- **TASK INSTRUCTIONS**:
Would you restate each line of the data below word for word, without its pictures?

- **DATASET EXTRACT**:

^^^^

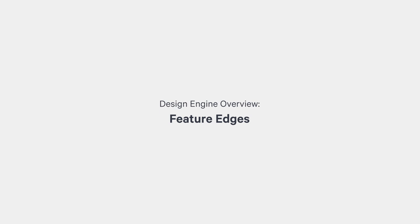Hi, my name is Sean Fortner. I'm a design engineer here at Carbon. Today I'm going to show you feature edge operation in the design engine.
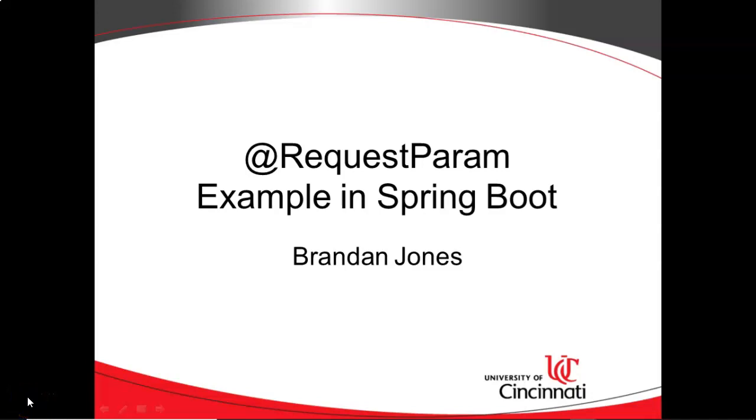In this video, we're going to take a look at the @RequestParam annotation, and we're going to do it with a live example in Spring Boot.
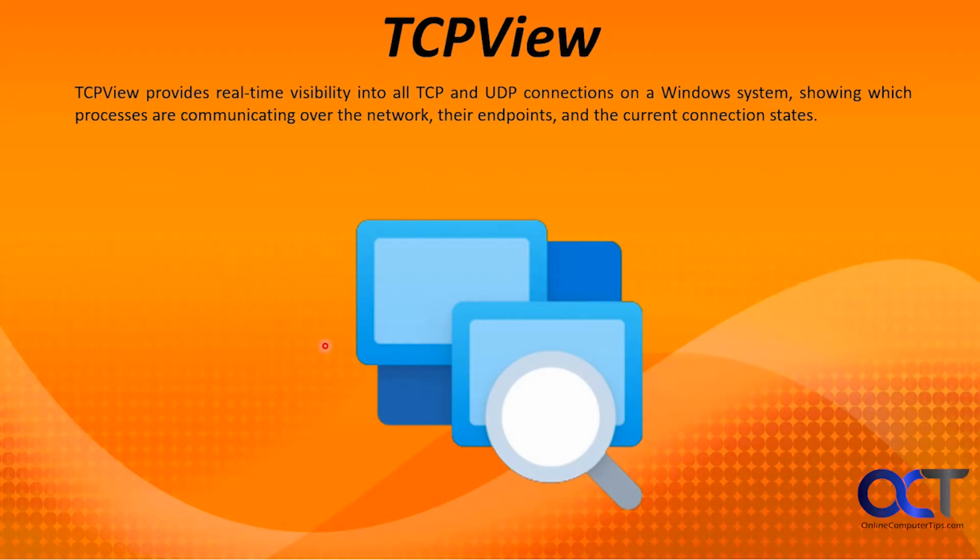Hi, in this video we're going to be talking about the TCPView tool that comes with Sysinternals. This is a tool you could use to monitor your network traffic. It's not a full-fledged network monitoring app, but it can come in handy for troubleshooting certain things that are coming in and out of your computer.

^^^^

- **YOUR RESPONSE**:
Hi, my name is Sean Fortner. I'm a design engineer here at Carbon. Today I'm going to show you feature edge operation in the design engine.
In this video, we're going to take a look at the @RequestParam annotation, and we're going to do it with a live example in Spring Boot.
Hi, in this video we're going to be talking about the TCPView tool that comes with Sysinternals. This is a tool you could use to monitor your network traffic. It's not a full-fledged network monitoring app, but it can come in handy for troubleshooting certain things that are coming in and out of your computer.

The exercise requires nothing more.